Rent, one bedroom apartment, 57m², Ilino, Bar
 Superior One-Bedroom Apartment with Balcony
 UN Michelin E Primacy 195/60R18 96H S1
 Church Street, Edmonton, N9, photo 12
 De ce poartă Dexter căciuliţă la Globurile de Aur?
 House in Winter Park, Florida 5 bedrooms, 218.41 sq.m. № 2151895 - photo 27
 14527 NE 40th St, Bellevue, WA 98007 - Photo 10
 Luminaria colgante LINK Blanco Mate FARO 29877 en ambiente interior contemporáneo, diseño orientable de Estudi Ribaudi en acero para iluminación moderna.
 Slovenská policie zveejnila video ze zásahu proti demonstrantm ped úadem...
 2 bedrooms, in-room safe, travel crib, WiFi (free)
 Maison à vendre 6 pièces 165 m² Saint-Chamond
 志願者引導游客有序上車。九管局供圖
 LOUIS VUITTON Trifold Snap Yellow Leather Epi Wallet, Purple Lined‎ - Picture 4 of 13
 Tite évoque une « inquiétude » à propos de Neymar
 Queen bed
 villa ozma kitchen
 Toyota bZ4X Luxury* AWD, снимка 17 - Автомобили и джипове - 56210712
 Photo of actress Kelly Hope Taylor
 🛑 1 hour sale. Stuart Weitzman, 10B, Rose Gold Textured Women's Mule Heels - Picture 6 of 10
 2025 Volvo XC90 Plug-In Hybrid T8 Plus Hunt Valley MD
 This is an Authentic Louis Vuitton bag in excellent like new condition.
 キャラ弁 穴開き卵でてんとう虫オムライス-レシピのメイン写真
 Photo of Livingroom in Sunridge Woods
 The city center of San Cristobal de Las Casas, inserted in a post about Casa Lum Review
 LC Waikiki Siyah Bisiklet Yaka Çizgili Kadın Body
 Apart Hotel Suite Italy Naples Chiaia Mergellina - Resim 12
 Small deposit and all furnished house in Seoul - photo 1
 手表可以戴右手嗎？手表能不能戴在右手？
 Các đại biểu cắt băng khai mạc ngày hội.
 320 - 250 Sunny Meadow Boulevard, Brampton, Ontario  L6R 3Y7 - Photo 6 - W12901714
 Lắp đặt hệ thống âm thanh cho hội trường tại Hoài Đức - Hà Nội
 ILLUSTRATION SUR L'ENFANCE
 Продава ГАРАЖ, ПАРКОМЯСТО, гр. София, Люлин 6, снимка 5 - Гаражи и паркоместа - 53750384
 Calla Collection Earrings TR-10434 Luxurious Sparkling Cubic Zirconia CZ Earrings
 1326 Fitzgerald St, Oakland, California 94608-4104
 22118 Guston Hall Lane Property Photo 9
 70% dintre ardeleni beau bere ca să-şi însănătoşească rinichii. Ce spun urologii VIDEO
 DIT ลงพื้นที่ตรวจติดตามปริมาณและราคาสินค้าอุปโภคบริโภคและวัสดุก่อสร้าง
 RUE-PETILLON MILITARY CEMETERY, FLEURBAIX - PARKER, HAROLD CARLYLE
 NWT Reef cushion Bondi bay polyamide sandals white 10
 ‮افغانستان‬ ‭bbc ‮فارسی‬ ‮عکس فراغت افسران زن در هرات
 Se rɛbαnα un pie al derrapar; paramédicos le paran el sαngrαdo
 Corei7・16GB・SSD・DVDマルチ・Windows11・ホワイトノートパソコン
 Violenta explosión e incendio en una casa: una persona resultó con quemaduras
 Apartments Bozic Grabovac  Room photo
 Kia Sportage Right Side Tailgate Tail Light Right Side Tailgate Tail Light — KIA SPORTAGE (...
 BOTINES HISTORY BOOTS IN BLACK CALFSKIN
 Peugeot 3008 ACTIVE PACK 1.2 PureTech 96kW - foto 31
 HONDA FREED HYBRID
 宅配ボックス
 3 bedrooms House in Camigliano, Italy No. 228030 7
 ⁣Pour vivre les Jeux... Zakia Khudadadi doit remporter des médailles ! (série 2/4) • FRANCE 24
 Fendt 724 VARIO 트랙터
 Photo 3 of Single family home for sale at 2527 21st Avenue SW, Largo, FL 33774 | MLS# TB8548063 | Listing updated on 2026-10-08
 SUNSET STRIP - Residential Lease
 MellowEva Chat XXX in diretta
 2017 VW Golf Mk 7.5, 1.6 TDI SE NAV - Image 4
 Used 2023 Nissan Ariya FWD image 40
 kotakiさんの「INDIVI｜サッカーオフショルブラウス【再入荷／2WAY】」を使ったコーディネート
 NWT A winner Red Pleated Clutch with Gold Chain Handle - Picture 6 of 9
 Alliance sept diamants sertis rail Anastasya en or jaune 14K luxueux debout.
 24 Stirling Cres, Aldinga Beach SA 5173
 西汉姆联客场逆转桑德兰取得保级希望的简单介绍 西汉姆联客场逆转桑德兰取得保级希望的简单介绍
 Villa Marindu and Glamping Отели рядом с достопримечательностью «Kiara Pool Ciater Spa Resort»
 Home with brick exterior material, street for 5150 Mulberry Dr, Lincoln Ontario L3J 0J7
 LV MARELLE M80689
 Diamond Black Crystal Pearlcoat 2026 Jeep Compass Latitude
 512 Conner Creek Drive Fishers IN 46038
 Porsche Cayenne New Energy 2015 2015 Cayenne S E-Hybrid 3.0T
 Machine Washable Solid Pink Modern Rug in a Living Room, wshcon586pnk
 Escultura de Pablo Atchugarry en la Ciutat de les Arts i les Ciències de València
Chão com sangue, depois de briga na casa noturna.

#####

* TASK PROMPT
Reproduce exactly the lines from the beginning of the entries above up to and including the line that contains "Các đại biểu cắt băng khai mạc ngày hội.".

* ANSWER SPACE
Rent, one bedroom apartment, 57m², Ilino, Bar
 Superior One-Bedroom Apartment with Balcony
 UN Michelin E Primacy 195/60R18 96H S1
 Church Street, Edmonton, N9, photo 12
 De ce poartă Dexter căciuliţă la Globurile de Aur?
 House in Winter Park, Florida 5 bedrooms, 218.41 sq.m. № 2151895 - photo 27
 14527 NE 40th St, Bellevue, WA 98007 - Photo 10
 Luminaria colgante LINK Blanco Mate FARO 29877 en ambiente interior contemporáneo, diseño orientable de Estudi Ribaudi en acero para iluminación moderna.
 Slovenská policie zveejnila video ze zásahu proti demonstrantm ped úadem...
 2 bedrooms, in-room safe, travel crib, WiFi (free)
 Maison à vendre 6 pièces 165 m² Saint-Chamond
 志願者引導游客有序上車。九管局供圖
 LOUIS VUITTON Trifold Snap Yellow Leather Epi Wallet, Purple Lined‎ - Picture 4 of 13
 Tite évoque une « inquiétude » à propos de Neymar
 Queen bed
 villa ozma kitchen
 Toyota bZ4X Luxury* AWD, снимка 17 - Автомобили и джипове - 56210712
 Photo of actress Kelly Hope Taylor
 🛑 1 hour sale. Stuart Weitzman, 10B, Rose Gold Textured Women's Mule Heels - Picture 6 of 10
 2025 Volvo XC90 Plug-In Hybrid T8 Plus Hunt Valley MD
 This is an Authentic Louis Vuitton bag in excellent like new condition.
 キャラ弁 穴開き卵でてんとう虫オムライス-レシピのメイン写真
 Photo of Livingroom in Sunridge Woods
 The city center of San Cristobal de Las Casas, inserted in a post about Casa Lum Review
 LC Waikiki Siyah Bisiklet Yaka Çizgili Kadın Body
 Apart Hotel Suite Italy Naples Chiaia Mergellina - Resim 12
 Small deposit and all furnished house in Seoul - photo 1
 手表可以戴右手嗎？手表能不能戴在右手？
 Các đại biểu cắt băng khai mạc ngày hội.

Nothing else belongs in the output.